**Supplied information**
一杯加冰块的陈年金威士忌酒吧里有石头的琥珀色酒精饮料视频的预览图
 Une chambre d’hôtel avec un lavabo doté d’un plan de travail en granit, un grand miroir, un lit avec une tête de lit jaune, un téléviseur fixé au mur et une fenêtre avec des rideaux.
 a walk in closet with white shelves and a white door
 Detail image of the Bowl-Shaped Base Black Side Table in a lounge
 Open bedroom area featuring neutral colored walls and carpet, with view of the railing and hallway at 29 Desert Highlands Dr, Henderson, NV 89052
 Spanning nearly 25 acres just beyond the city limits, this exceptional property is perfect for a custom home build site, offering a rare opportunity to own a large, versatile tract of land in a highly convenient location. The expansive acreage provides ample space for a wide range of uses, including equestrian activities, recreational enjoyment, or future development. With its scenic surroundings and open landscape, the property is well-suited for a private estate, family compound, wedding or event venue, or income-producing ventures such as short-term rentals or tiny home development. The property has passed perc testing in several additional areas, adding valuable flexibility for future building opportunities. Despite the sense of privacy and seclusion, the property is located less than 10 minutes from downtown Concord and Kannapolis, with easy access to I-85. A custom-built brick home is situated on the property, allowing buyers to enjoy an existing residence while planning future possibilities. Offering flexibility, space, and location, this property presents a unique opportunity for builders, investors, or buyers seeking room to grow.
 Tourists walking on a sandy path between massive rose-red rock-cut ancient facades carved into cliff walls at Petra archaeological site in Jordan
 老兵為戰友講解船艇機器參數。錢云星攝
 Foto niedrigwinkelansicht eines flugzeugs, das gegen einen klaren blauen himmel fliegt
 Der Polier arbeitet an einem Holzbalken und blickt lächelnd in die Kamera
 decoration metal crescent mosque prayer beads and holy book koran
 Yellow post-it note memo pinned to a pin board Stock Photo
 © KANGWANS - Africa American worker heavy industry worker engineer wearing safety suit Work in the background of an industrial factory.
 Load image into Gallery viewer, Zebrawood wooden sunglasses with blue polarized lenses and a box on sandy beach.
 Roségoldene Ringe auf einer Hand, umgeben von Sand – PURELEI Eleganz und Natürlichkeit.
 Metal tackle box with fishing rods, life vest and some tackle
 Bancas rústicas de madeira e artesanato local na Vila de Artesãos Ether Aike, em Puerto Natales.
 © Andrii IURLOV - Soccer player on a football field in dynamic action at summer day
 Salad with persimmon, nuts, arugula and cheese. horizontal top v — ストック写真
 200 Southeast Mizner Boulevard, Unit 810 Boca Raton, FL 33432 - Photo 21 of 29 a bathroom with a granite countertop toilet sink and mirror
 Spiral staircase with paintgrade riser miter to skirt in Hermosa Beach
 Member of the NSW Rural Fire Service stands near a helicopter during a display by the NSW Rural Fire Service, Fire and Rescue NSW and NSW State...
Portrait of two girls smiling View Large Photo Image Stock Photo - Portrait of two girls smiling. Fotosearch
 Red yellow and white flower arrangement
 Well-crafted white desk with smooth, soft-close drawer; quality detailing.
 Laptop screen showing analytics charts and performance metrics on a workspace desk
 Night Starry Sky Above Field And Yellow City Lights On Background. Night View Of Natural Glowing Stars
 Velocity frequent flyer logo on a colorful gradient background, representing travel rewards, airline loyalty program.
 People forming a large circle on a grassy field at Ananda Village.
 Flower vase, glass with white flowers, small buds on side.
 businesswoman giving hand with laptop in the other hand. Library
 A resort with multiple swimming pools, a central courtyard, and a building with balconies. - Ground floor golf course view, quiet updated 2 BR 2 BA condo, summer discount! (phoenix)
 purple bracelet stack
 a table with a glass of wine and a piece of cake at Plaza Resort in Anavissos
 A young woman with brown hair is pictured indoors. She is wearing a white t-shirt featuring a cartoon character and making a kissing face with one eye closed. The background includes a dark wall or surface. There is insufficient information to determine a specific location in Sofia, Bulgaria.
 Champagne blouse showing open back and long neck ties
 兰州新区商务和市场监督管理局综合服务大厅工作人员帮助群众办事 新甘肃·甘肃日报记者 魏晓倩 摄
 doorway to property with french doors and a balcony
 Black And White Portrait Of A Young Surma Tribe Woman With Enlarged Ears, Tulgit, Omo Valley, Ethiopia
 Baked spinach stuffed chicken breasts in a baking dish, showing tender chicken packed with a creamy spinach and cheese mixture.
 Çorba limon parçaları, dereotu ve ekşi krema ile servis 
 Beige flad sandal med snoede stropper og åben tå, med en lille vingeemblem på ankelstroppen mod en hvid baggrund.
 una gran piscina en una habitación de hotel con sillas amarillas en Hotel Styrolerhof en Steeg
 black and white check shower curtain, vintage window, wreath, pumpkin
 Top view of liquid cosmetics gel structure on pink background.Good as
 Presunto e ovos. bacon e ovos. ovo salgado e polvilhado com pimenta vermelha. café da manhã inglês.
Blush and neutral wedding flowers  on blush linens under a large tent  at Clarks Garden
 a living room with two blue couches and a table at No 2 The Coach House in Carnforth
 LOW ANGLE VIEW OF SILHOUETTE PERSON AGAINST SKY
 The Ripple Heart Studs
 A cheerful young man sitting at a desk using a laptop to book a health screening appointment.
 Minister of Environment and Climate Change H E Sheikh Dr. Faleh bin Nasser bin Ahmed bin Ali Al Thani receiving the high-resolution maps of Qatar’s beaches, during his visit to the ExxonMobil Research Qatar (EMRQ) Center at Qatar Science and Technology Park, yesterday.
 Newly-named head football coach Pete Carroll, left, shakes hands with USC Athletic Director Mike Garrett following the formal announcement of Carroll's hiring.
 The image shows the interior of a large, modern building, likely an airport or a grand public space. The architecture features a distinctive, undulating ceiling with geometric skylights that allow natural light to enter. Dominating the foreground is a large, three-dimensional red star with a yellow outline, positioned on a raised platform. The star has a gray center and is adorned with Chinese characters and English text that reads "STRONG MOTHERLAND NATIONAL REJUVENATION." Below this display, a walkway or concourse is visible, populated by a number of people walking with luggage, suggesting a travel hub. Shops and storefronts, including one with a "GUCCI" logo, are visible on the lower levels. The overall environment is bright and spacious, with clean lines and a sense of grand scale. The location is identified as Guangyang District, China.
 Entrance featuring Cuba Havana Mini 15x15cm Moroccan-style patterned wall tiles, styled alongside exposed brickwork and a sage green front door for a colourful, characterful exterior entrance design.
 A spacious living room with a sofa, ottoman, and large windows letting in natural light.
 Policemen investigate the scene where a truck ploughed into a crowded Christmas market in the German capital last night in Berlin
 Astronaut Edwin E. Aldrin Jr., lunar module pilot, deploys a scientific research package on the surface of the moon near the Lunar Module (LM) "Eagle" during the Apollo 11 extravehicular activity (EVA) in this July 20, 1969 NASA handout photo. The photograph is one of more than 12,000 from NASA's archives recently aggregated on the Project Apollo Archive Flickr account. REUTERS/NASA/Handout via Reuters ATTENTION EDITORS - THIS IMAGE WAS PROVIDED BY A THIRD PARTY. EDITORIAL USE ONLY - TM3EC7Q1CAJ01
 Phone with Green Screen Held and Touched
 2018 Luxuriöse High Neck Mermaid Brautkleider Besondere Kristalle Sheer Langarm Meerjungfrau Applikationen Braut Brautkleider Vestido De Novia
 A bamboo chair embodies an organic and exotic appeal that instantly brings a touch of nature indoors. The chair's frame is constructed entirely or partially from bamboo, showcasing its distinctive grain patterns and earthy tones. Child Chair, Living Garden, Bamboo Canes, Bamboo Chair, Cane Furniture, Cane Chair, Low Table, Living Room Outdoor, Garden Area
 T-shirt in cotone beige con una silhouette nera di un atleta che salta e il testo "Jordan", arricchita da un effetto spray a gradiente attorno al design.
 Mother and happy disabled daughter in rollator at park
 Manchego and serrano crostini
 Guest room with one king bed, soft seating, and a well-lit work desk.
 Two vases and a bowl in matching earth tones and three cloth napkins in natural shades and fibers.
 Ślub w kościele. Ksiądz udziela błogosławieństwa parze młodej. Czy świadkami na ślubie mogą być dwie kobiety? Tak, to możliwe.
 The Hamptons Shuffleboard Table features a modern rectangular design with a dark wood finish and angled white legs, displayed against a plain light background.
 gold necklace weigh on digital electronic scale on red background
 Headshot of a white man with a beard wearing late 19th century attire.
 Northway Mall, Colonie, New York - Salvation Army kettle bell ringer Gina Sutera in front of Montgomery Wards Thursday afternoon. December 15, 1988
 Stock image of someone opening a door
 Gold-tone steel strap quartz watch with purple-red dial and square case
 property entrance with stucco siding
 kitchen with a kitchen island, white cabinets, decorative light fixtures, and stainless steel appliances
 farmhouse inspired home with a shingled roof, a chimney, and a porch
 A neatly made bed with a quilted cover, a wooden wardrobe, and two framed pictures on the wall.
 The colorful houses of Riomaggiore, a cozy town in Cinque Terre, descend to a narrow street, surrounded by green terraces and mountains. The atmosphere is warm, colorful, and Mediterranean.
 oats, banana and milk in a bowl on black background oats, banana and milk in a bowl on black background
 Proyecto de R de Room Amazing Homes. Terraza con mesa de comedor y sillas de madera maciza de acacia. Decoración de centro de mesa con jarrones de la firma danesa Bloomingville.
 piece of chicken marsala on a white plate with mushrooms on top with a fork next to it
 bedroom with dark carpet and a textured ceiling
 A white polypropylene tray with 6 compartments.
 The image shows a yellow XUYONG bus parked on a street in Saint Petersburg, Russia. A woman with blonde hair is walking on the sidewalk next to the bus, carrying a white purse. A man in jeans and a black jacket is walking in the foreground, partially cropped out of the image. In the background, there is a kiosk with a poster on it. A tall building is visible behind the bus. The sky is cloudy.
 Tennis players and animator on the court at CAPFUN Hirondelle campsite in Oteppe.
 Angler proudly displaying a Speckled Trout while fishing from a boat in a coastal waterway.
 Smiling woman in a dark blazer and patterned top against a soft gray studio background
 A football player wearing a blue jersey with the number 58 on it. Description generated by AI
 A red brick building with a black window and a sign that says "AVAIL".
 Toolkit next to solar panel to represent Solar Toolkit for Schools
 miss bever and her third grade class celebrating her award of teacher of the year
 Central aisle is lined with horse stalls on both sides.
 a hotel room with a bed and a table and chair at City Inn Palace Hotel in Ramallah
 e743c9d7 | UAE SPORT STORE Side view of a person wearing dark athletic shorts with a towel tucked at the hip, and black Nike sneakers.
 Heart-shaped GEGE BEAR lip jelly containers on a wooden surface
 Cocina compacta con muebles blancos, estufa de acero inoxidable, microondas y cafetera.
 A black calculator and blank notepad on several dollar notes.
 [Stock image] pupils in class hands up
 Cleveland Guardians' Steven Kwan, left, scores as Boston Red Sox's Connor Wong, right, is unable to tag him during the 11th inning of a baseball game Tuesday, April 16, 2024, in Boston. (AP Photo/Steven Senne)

**Exercise details**
Retype the first line of the entries and every line after it, please, through the line that contains "Detail image of". Add nothing.

**Task answer**
一杯加冰块的陈年金威士忌酒吧里有石头的琥珀色酒精饮料视频的预览图
 Une chambre d’hôtel avec un lavabo doté d’un plan de travail en granit, un grand miroir, un lit avec une tête de lit jaune, un téléviseur fixé au mur et une fenêtre avec des rideaux.
 a walk in closet with white shelves and a white door
 Detail image of the Bowl-Shaped Base Black Side Table in a lounge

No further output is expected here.